Bloggando il Corano: Sura 9, “Il Pentimento”, Versetti 81-129
Commento al Corano: Sura 9, Il Pentimento, Versetti 81-129
di ROBERT SPENCER (30, Dicembre, 2007)
I Versetti 81-89 della Sura 9, “Il Pentimento” criticano aspramente i Musulmani che si rifiutarono di accompagnare Maometto nella sua spedizione a Tabuk, dove aveva sperato di combattere i Bizantini nell’anno 631. Alcuni chiesero di essere esentati per il calore bruciante dell’Arabia, che rendeva la spedizione particolarmente faticosa – spingendo Allah a sgridarli ricordando loro il calore dell’inferno, perché “hanno disdegnato la lotta e il combattimento”, cioè, di impegnarsi nella jihad (yujahidw, يُجَاهِدُوا) “con le loro sostanze e le loro persone, per la causa di Allah” (v. 81).

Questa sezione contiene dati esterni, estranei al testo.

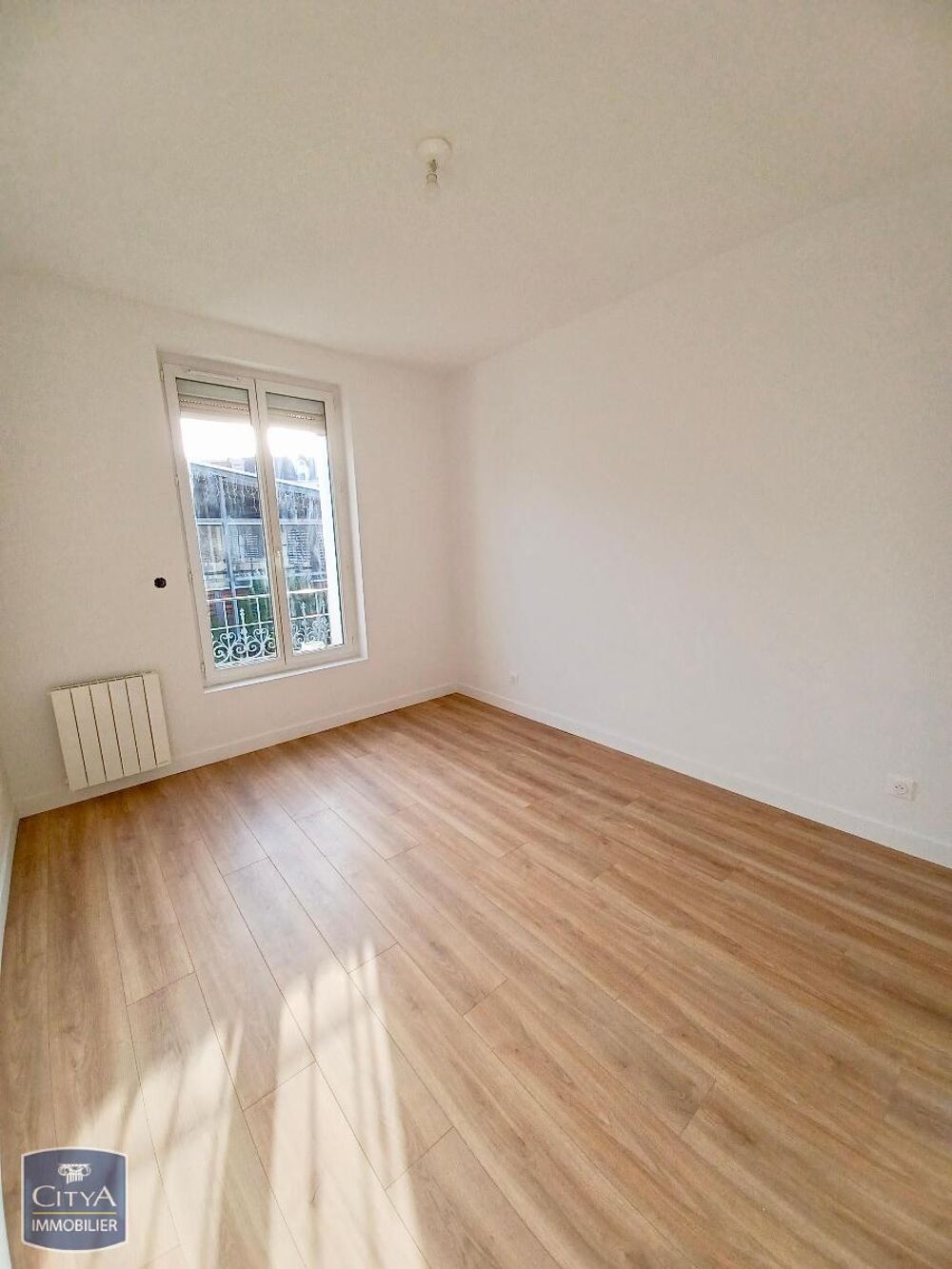 location Appartement - 3 pièce(s) - 48 m² Les Pavillons-sous-Bois (93320)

Ibn Kathir spiega:
se avessero avuto qualche comprensione o qualche cognizione, avrebbero marciato col Messaggero di Allah sotto la calura, così da salvarsi dal Fuoco della Jahannam [Inferno], che è molto superiore.
Anche se gl’Ipocriti volessero cambiare idea e accompagnare Maometto in future spedizioni, saranno sempre respinti e non lo potranno più fare (v. 83). Maometto e i Musulmani non dovranno neppure pregare per loro quando muoiono (v. 84). Saranno puniti pure in questa vita (v. 85 – ripetizione di v. 55). Ma Maometto e i Musulmani che “lottano e combattono [jahadw, جَاهَدُواْ] coi loro beni e le loro persone” entreranno nei giardini del Paradiso (vv. 88–89).
I Versetti 90-105 individuano i Beduini per un particolare rimprovero per non essere andati a Tabuk. Ibn Juzayy sostiene che, di per sé stesso, questo annulla la loro pretesa di essere Musulmani:
Era gente che non andava alla jihad né chiedeva scusa per essere rimasta indietro, così mentivano quando pretendevano di essere credenti.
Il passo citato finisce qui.